ECLI:NL:OGEAA:2019:740
Gerecht in Eerste Aanleg van Aruba
- Voorlopige voorziening
- A.J. H. van Suilen
- Rechtspraak.nl
Afwijzing verzoek om voorlopige voorziening in het kader van uitzetting van illegaal verblijvende Venezolaanse
In deze zaak heeft de voorzieningenrechter van het Gerecht in Eerste Aanleg van Aruba op 13 november 2019 uitspraak gedaan op een verzoek om een voorlopige voorziening in het kader van de uitzetting van een Venezolaanse verzoekster. De verzoekster verblijft sinds 14 november 2013 illegaal op Aruba, nadat zij als toerist het eiland binnenkwam met een toegestane verblijfsduur van 15 dagen. Ondanks meerdere aanvragen voor een verblijfsvergunning, waaronder een aanvraag voor gezinshereniging, zijn deze verzoeken afgewezen. Op 9 oktober 2019 werd verzoekster door de afdeling Vreemdelingentoezicht van het Korps Politie Aruba aangetroffen terwijl zij illegaal aan het werk was.
De minister van Justitie, Veiligheid en Integratie heeft daarop een bevel tot uitzetting gegeven, waartegen verzoekster bezwaar heeft gemaakt. De voorzieningenrechter heeft in zijn overwegingen het belang van de staat om de wet- en regelgeving met betrekking tot de toelating van vreemdelingen strikt te handhaven zwaarder laten wegen dan het belang van verzoekster om een verblijfsvergunning te verkrijgen na jarenlang illegaal verblijf. De rechter oordeelde dat er geen grond was voor schorsing van het bevel tot uitzetting en wees het verzoek van verzoekster af.

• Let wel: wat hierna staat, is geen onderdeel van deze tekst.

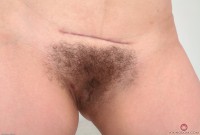 ATK hairy  in young and hairy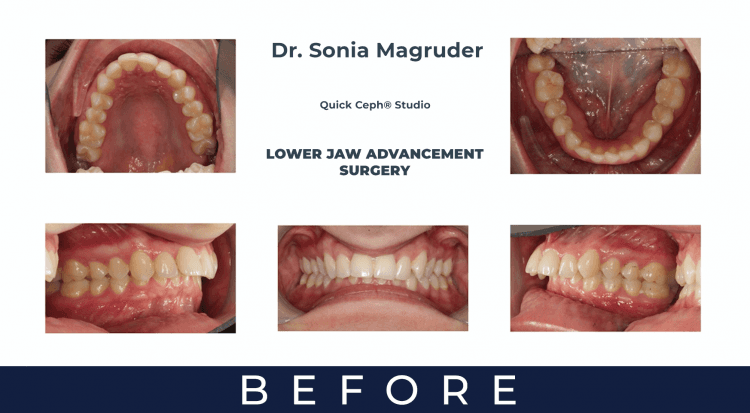 Lower Jaw Advancement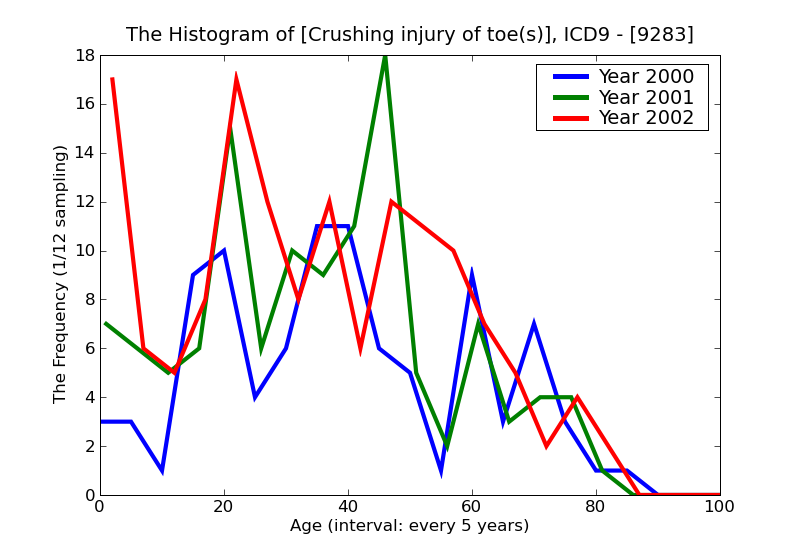 ICD9 Histogram Crushing injury of toe(s)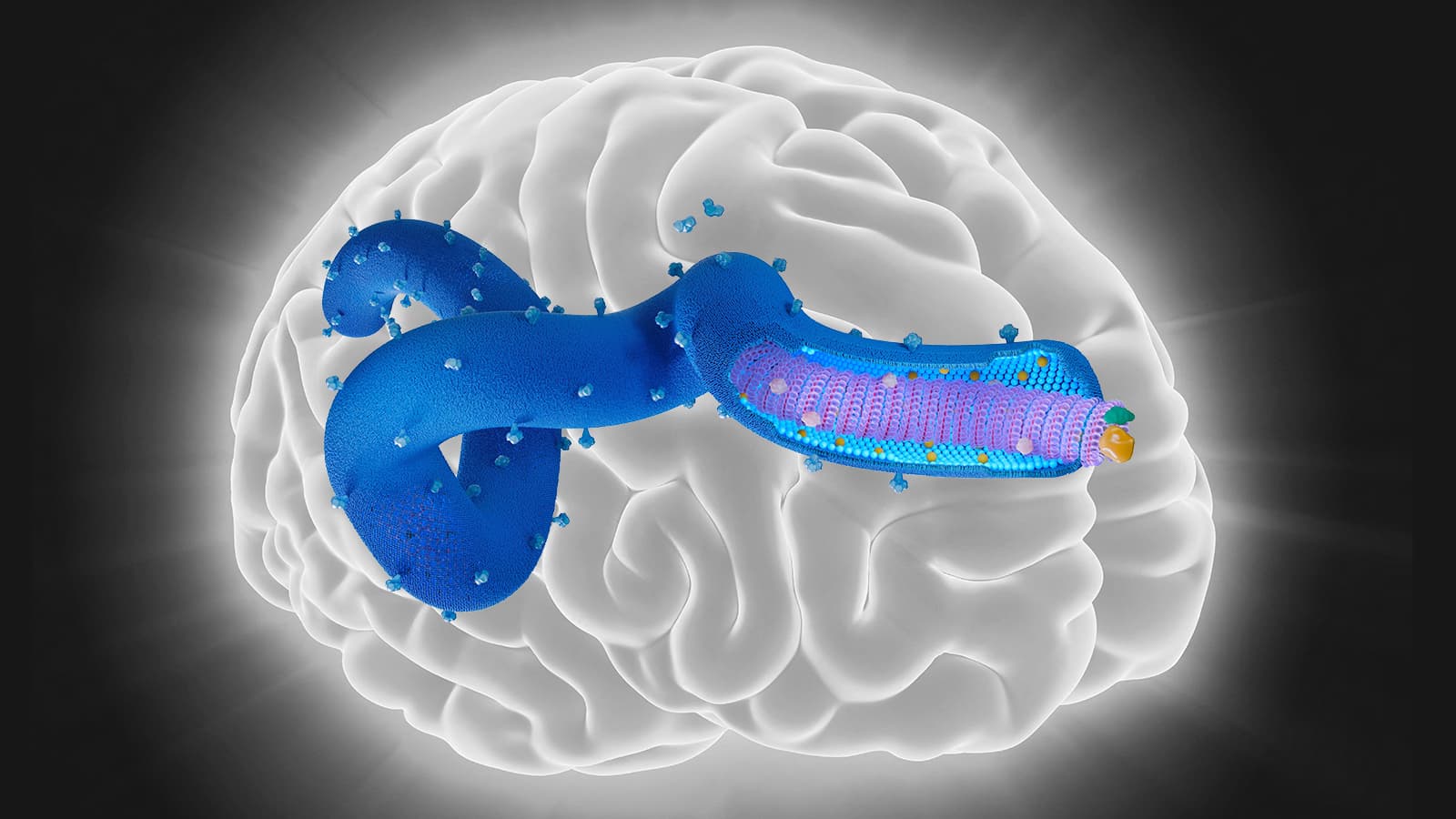 Ebola's Brain Effects Persist More Than 7 Years After Infection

De uitspraak benadrukt de strikte handhaving van de immigratiewetgeving en de gevolgen van illegaal verblijf voor de betrokkenen. De voorzieningenrechter heeft vastgesteld dat verzoekster sinds 30 november 2013 zonder geldige verblijfstitel op Aruba verblijft, wat de minister bevoegd maakt om tot uitzetting over te gaan. De beslissing is definitief en er staat geen rechtsmiddel open tegen deze uitspraak.